BEGIN

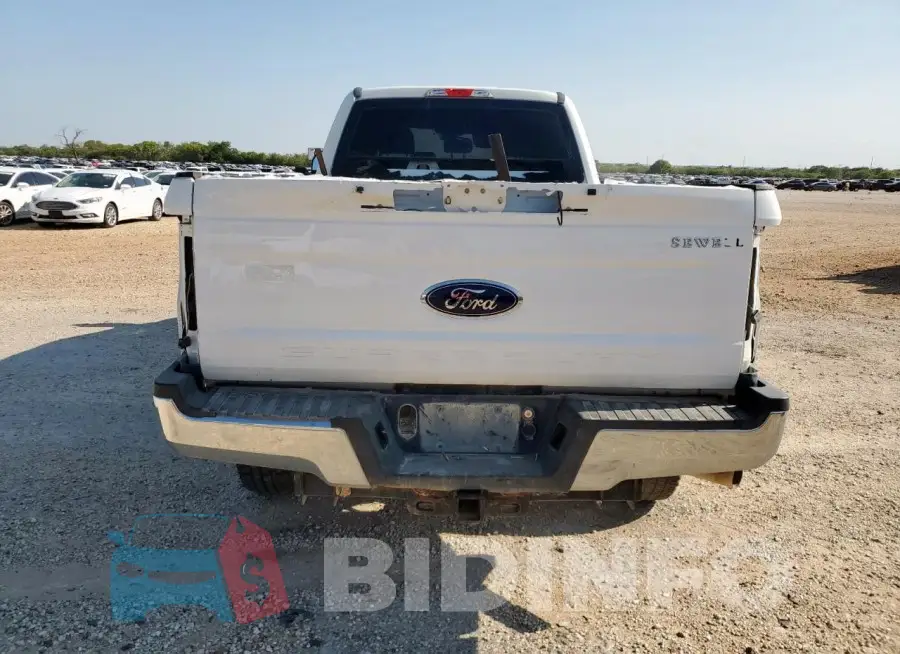 1FT7W2B67KEC78166 Photo# 6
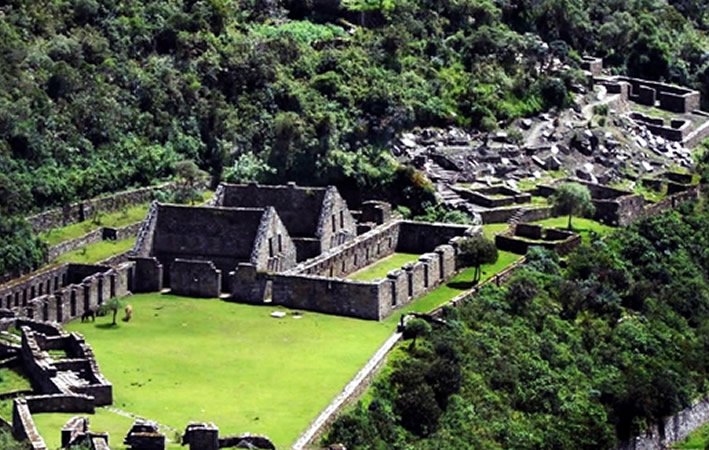 Choquequirao: Das verborgene Juwel der Inka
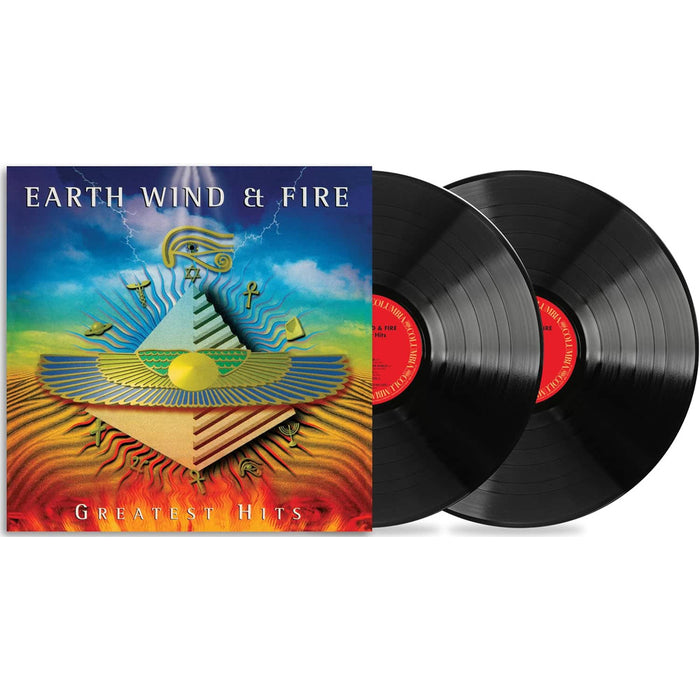 Earth, Wind & Fire Greatest Hits Vinyl LP 2026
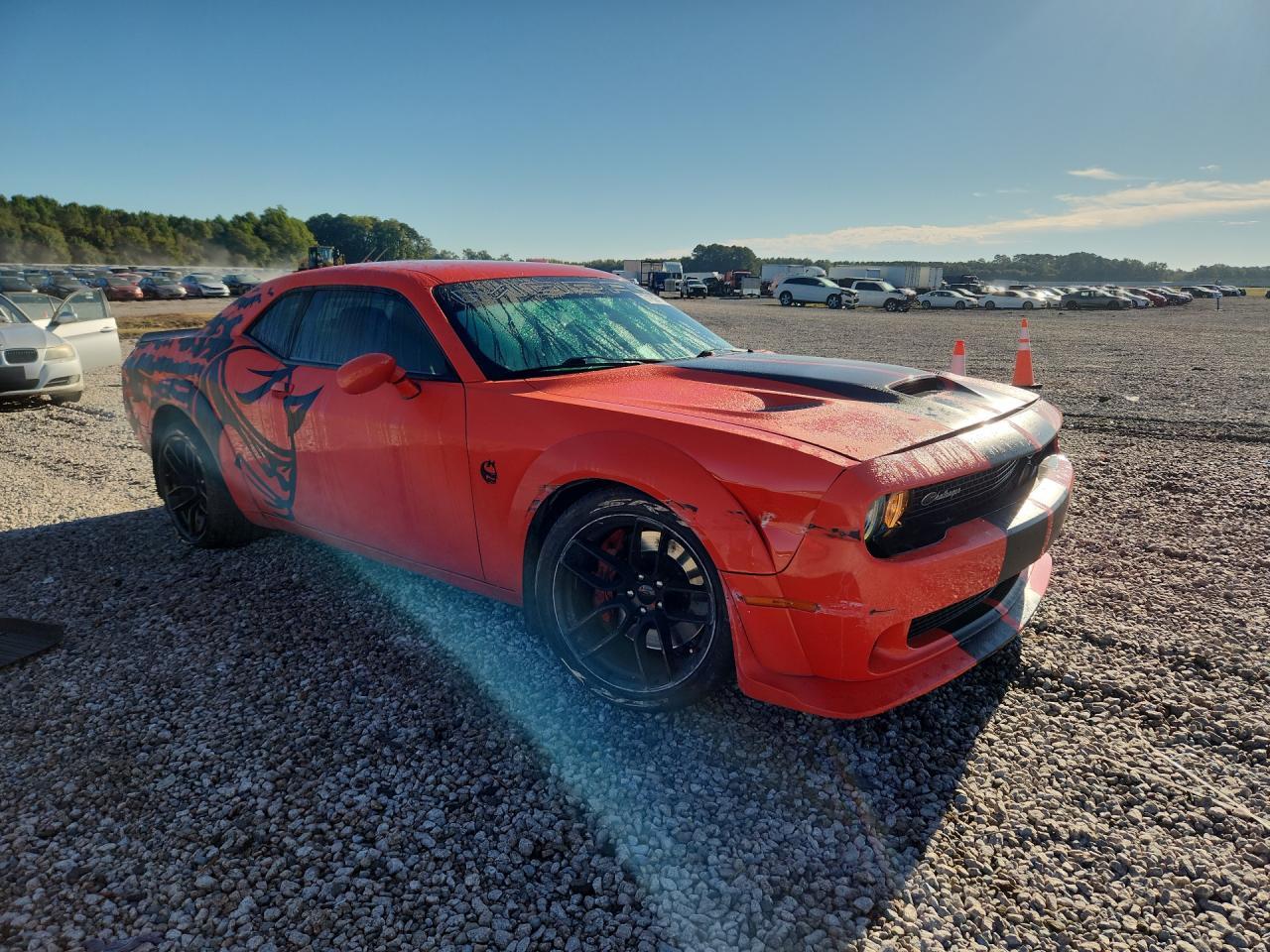2020 Dodge Challenger R/T Scat Pack - zdjęcie 4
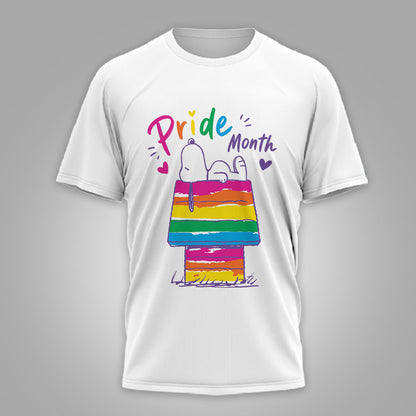 Premium SNPY Pride Month 3D Shirt NTH1 | BA46
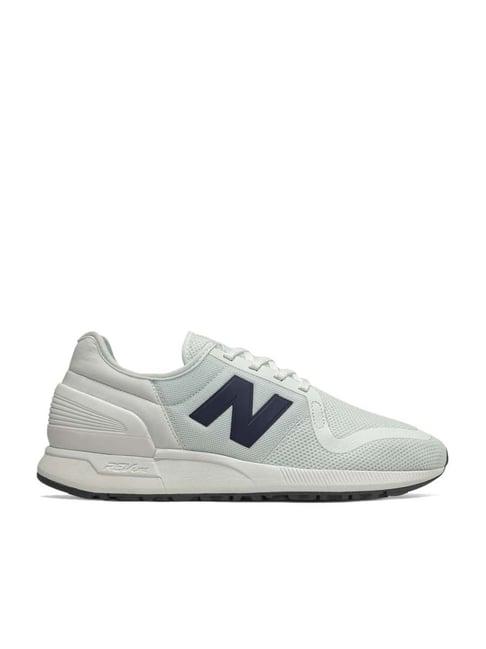 new balance men's black casual shoes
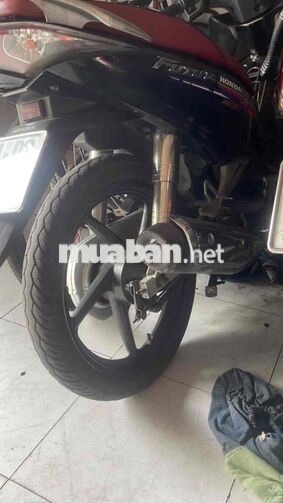 Honda Future FI Đen Êm không hú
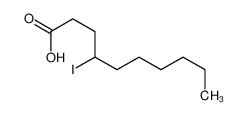 84197-40-0 structure, C10H19IO2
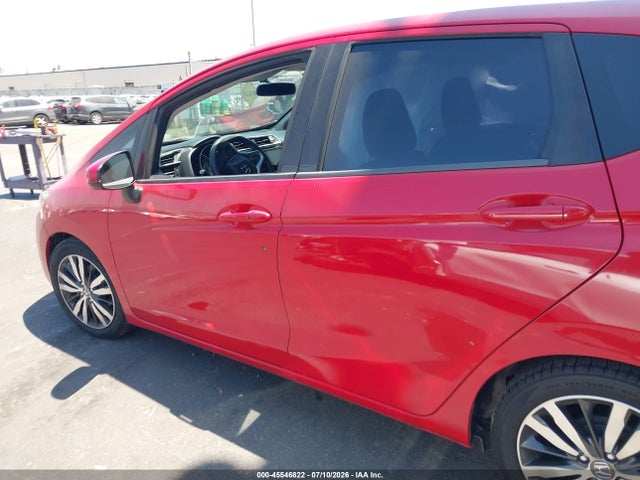 3HGGK5H84FM759354 Honda Fit Ex/ex-l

END

■ Exercise
Exclude the pictures and write out exactly the lines from the one holding "new balance men's black casual shoes" through the end of the entries, inclusive, and only those.

■ Response below
 new balance men's black casual shoes
 Honda Future FI Đen Êm không hú
 84197-40-0 structure, C10H19IO2
 3HGGK5H84FM759354 Honda Fit Ex/ex-l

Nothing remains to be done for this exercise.